Someone asked me how I knew she was from Webster. Ummmm….because Southbridge and Putnam have their own McDonald’s. Duh.
Anyway, looks like someone ordered a Sappy Meal, because this is the most miserable chick I’ve ever seen. I guess this is what happens when you live too long in Webster.
My favorite part was the employees just trying to do their job while the manager attempted to reason with a woman who clearly could not be reasoned with:
That face right there just screams, “I should’ve applied at the McDonald’s in Charlton.”
This is why I could never work in customer service. I simply don’t have it in me not to mock these people directly to their faces.
She also claims to be a nanny. If this is true then Mary Poppin Pills must be the least fun nanny ever. No talking. No games. No laughing. Just shut the hell up and get back in your cage ya stupid kids!!
“I love kids, I just care about kids screaming for no reason.”
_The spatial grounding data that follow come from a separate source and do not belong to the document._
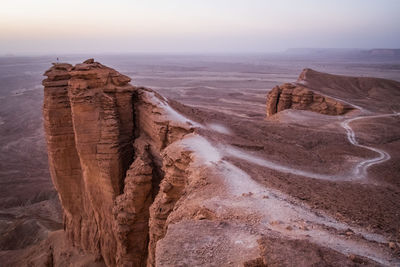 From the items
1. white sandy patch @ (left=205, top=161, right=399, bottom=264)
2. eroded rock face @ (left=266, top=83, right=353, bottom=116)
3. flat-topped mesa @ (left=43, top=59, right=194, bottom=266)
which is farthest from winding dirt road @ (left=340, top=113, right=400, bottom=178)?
eroded rock face @ (left=266, top=83, right=353, bottom=116)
Ummmm….you’re at a McDonald’s playplace. That’s what kids do when they get together anywhere, never mind a place that has a ball pit. They scream for absolutely no reason. Then they chase each other around. When Turtleboy Jr. gets together with Turtle Princess and their mates they literally spend hours running around screaming for no apparent reason. Never gets old either. It makes no sense, but it’s the only thing they know how to do and it sure beats having them sit on their iPhones watching, “Yellow color, yellow color, where are you? Here I am, here I am, how do you do?” Because if you think this chick is angry, watch what happens if I hear that song one more fucking time!!
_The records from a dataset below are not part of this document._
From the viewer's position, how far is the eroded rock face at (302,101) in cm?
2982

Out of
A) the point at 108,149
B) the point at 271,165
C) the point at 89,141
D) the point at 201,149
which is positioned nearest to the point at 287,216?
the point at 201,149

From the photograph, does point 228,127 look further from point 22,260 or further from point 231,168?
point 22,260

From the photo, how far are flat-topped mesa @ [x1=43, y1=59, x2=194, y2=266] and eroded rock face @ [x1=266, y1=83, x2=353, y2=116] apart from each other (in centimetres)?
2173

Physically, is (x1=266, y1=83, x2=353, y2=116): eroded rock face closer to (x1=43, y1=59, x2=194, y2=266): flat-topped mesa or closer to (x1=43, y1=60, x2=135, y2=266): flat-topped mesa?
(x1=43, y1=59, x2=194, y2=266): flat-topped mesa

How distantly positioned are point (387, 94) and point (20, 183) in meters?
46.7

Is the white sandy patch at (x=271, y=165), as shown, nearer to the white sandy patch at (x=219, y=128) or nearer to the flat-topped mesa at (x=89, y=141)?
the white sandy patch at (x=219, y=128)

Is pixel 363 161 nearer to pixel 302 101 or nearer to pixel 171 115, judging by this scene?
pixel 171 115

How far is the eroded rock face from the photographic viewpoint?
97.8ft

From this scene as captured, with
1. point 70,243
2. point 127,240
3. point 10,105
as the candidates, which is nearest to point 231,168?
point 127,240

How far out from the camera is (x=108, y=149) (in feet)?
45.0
500,000,000 views!!! And that stupid fucking video!!! I’m in the wrong line of work.
Anyway, I’m sure this chick has a backstory and we’re interested in hearing it if you know who she is. So email email@example.com. God willing she’s got a wide open Facebook page and a collection of Google trophies. Next stop? Chuck E. Cheese. Where she’ll be studying for midterms and telling kids to keep the volume to a minimum.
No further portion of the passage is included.